What needs to be done:
Begin the copy at the line containing "Cartoon: Playoffs (small)" in the data below and end it at the line containing "Vereadores de Juara", keeping each line exact and leaving out pictures.

Data for this task:
○ ○ ○
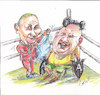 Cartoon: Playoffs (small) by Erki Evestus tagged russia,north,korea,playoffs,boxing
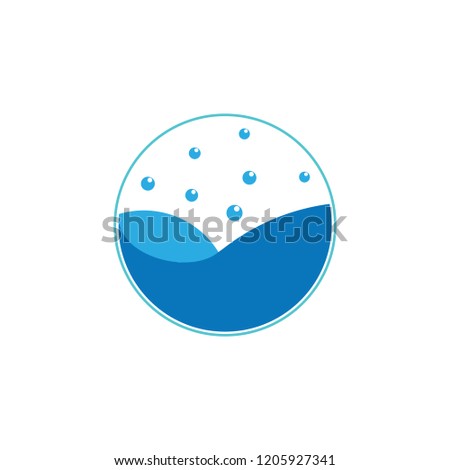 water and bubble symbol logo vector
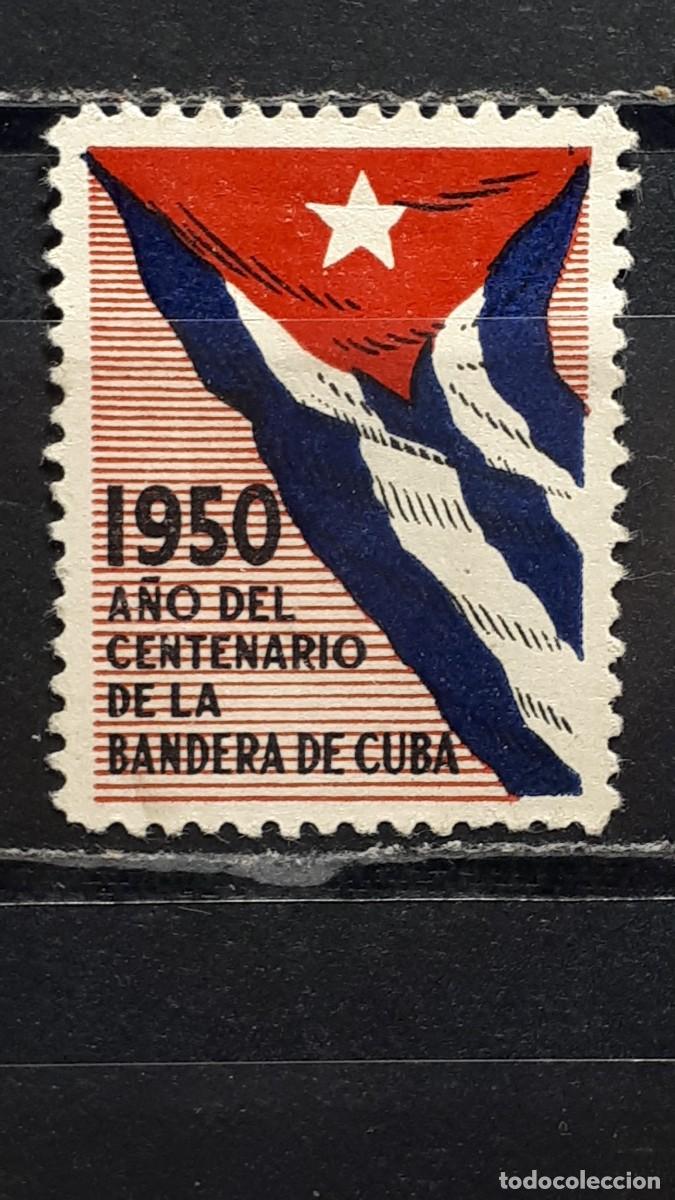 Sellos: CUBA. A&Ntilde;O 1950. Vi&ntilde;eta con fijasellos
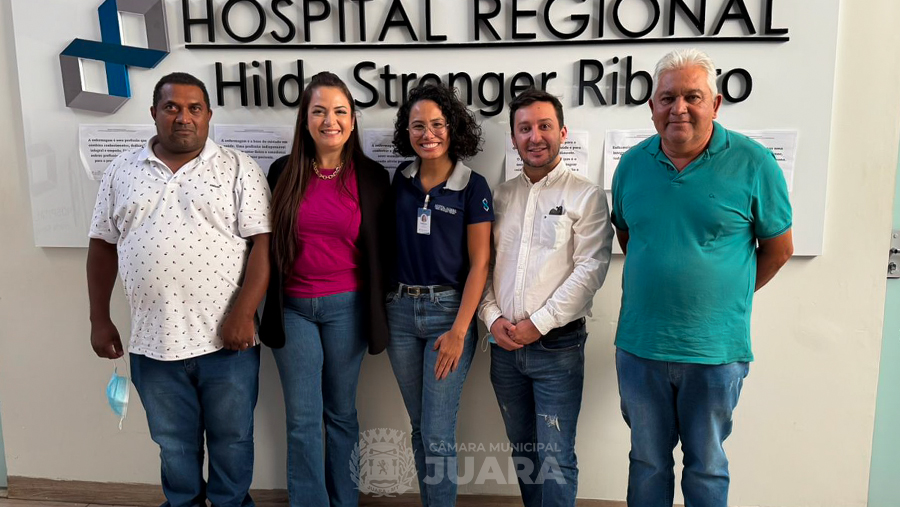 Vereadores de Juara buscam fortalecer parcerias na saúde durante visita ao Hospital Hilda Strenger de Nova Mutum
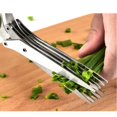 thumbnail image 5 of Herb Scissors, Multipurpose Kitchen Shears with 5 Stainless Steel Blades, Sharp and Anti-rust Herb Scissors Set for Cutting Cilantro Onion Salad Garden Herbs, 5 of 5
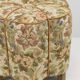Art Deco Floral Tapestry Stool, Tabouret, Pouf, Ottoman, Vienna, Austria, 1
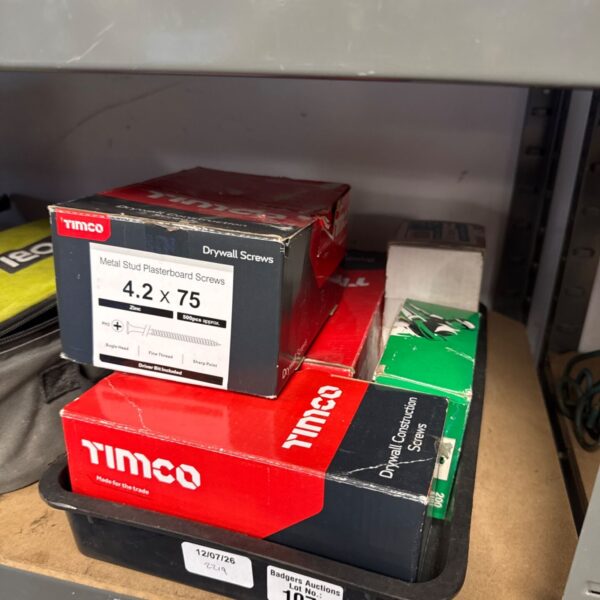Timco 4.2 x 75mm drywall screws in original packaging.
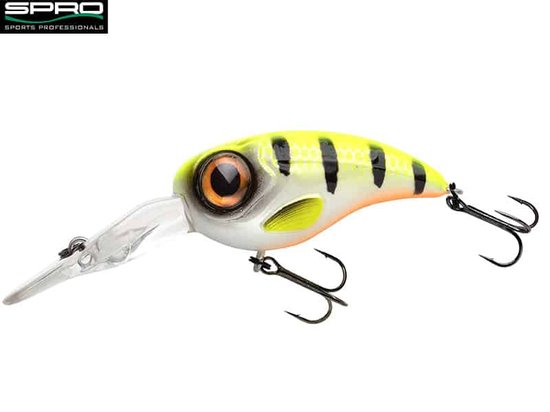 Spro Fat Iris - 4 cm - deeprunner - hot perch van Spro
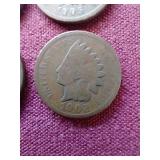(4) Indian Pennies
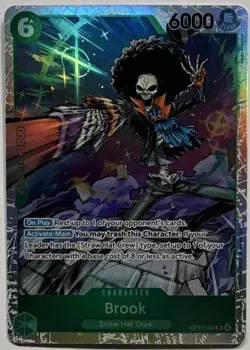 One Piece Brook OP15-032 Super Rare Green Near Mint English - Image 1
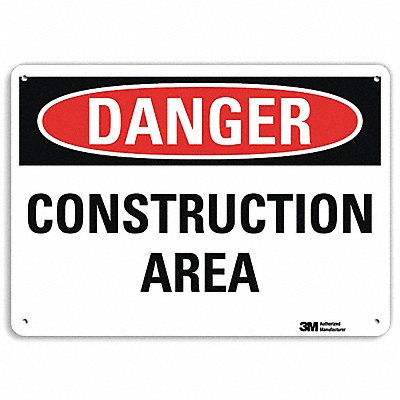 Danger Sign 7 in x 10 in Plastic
○ ○ ○
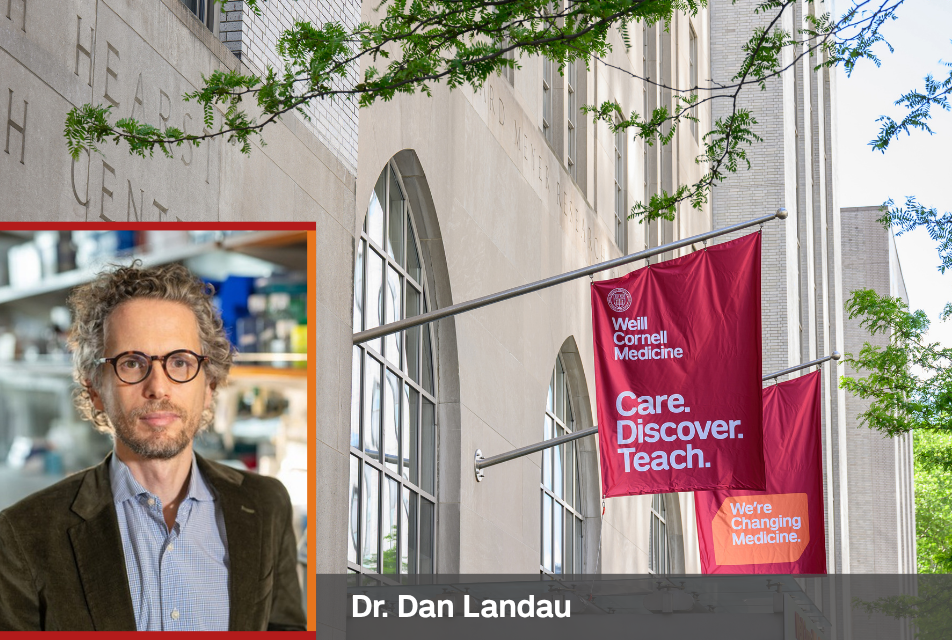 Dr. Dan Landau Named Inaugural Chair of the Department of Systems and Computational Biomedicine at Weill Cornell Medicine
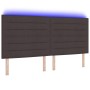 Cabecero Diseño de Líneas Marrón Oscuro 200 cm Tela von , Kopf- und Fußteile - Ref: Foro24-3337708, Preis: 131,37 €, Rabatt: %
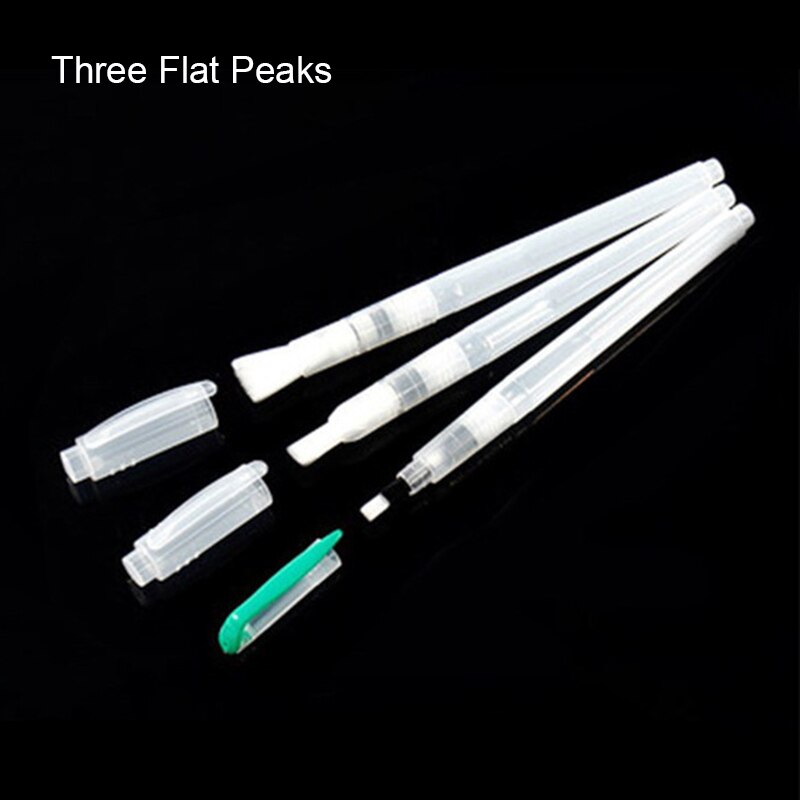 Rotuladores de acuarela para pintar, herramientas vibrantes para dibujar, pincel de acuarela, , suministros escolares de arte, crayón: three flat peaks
○ ○ ○
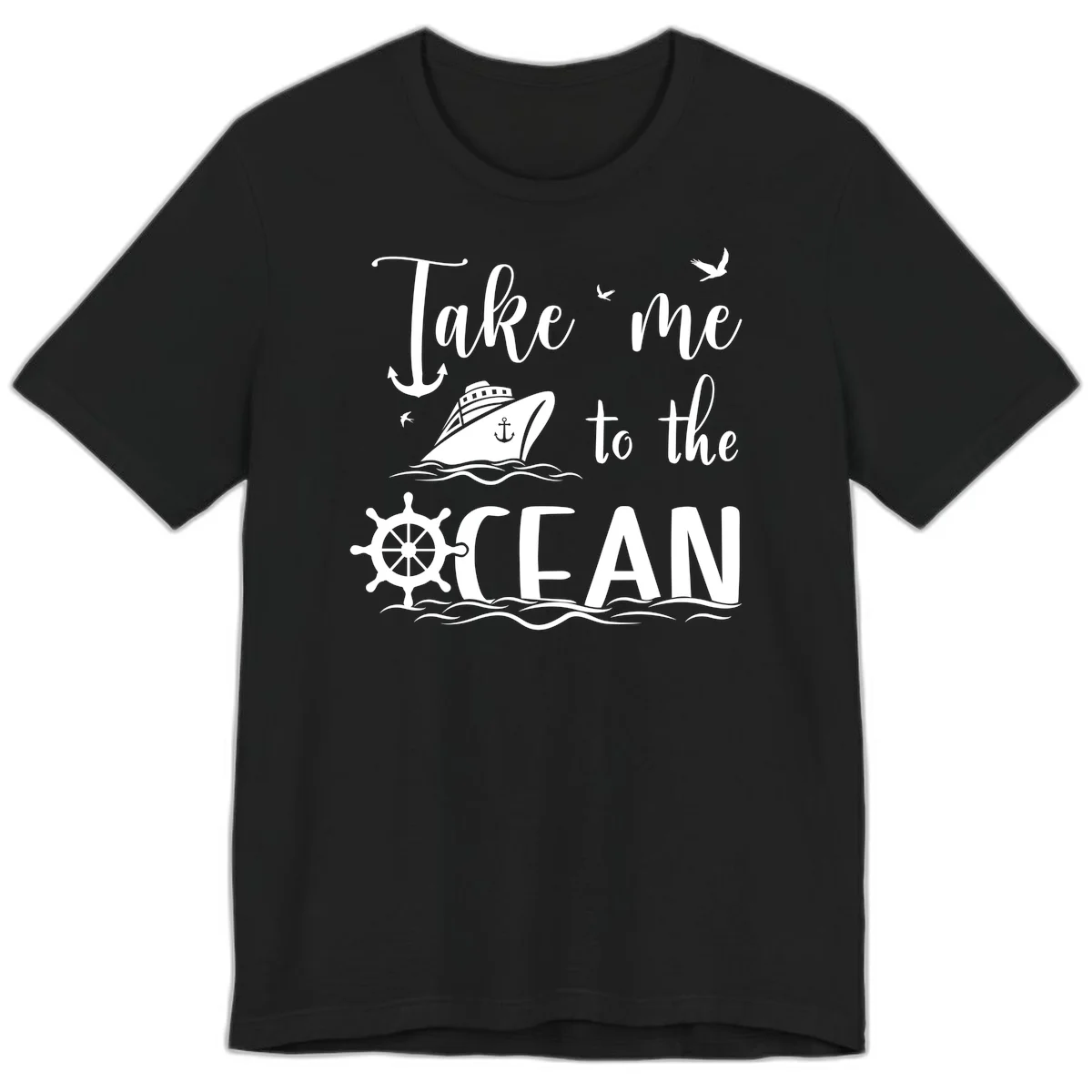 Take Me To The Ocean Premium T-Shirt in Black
○ ○ ○
Task output:
 Cartoon: Playoffs (small) by Erki Evestus tagged russia,north,korea,playoffs,boxing
 water and bubble symbol logo vector
 Sellos: CUBA. A&Ntilde;O 1950. Vi&ntilde;eta con fijasellos
 Vereadores de Juara buscam fortalecer parcerias na saúde durante visita ao Hospital Hilda Strenger de Nova Mutum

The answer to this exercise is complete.